This message was deleted.
# k3s
a
This message was deleted.
c
How much notice do you have that power is going? We have a reboot function in our cluster, and we basically just execute the reboot command (which shuts down services cleanly - we think!)
(these are proper servers running ubuntu though, not an embedded device)
q
I am not certain on that yet. Its still under design, but I am guessing very little, like seconds…
I guess one final fsync to the database would probably keep us safe? I think its sqlite? I wonder if there is a command I can give it.
n
If your running K3s as a service, you can always just stop the service.
There isn't a tool for backing up the sqlite db, your only option is to make a copy of
/var/lib/rancher/k3s/server
. You would need to switch to the embedded etcd db for that functionality. See https://docs.k3s.io/backup-restore#backup-and-restore-with-embedded-etcd-datastore-experimental
q
Do you see much a performance difference when you use the etcd version @nutritious-tomato-14686? We are right at the very very edge on CPU performance. And do you find one to be less corruptible than the other? We actually dont care about the ‘state’ of any of our deployments, as long as they come back up on next restart.

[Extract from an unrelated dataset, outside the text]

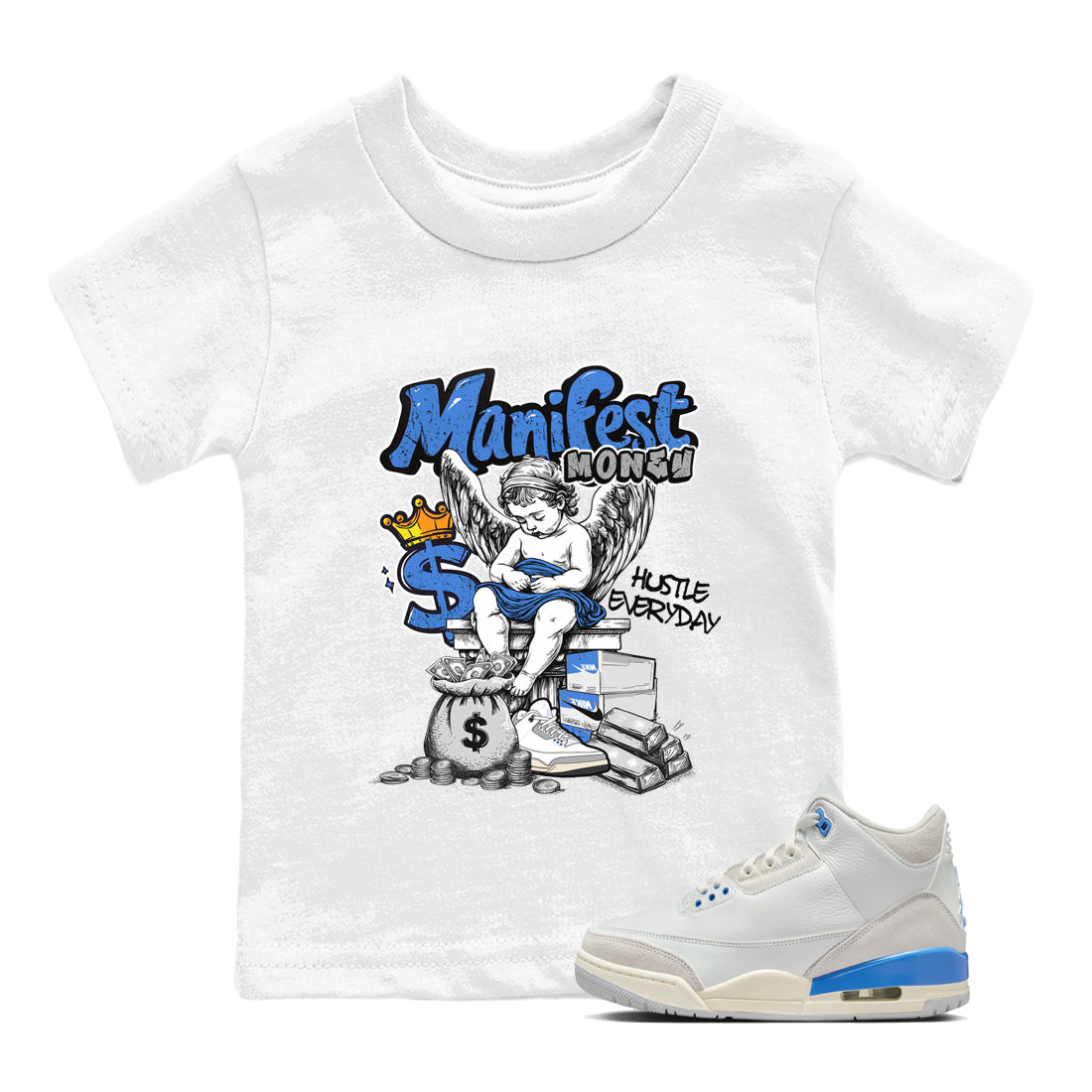 Manifest Money snkmatch Tees Kids - Air Jordan 3 Lucky Shorts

So I guess my only concern is, what can I harm by shutting k3s down ‘hard’, without notice, like… ten thousand times 🙂. Reading up on sqlite makes me feel more comfortable, its recovery mechanism sounds fine? Do you think I should switch to etcd? k3s and (I am guessing) containerD, just seem to take a long time to spin down and I think often (if not always) will still in the process before we loss power. However, k3s comes back up fast and happy on restart…. I would like some way to verify it will stay this way? So I am just wondering if I need some safety measure to ensure k3s stays happy? Or what other people do on a tiny single node production install. Maybe I need education on forcing pods /containers to shut down faster (if its our fault in design?).
n
Performance?) The etcd version will use more CPU at scale compared to sqlite. Corruption?) I have not heard or seen a major difference between the two when it comes to corruption. If your fine with sqlite and that recovery method, then you should be good to go. Killing K3s 10K times?) Yes this likely will cause issues over time. If you have an active cluster, with pods writing to DB and scheduling things, and traffic coming across, killing K3s hard (via either a
k3s-killall.sh
or a power loss) will cause corruption in your DB. You might get lucky and those lost writes are not needed, but do it a few thousand times and I guarantee you'll run into issues. I'm not sure what others are doing to "ensure k3s stays happy", there isn't a way AFAIK to verify the integrity of the K3s DB. At the end of the day, this is why High Availability K8s is so valuable, its very resilient when you have 10s of clusters made up of 3 nodes vs 100s of single node clusters.
c
We have certainly had sqlite database corruption in places where folks just yanked the power cords out of the backs of machines 😬
(We switched to etcd and implemented a more graceful shutdown!)
q
Thank you both for the replies! So our setup is very basic and only a single node with 4 tiny deployments that all work together. Their state never changes, I am thinking maybe I can nuke the whole setup if anything goes wrong and just re-deploy on startup? Is there a database health check I can run on k3s? Like at startup? And if it doesn’t show healthy can I just copy the old original database back in place and re-deploy?
Oh, maybe these guys? https://kubernetes.io/docs/reference/using-api/health-checks/ Like if I CURL that in a cron task and if it doesn’t report happy, maybe I nuke? Just slack thinking 😉, if you guys have ideas. This is automotive, so power sudden death is going to happen at times.
Hmmm.
Copy code
kubectl get --raw='/livez/etcd'
ok
That is working. But I am on sqlite. @nutritious-tomato-14686 any chance that is checking sqlite and I could use that as my healthy check? If it if ever fails, I just nuke (like I said above) and re-deploy?
n
Hey @quiet-memory-19288 I don't think that will helps with corruption on the DB. It just reports whether the DB is alive and reachable. AFAIK we don't have any translation support in kine for a
PRAGMA quick_check
q
Any chance there is a k3s document on like IoT deployments? Where we always come up in a stable state? Like lets say I install k3s and my deployments now 5+ years old. I dont care about anything that happens (ever) as long as every time it restarts we go back to that one known state? Maybe we upgrade every other year? But besides that, I just want a black box setup where the end users never knows it’s there or has to ‘do’ anything?
Is there a read only DB mode? haha, probably not.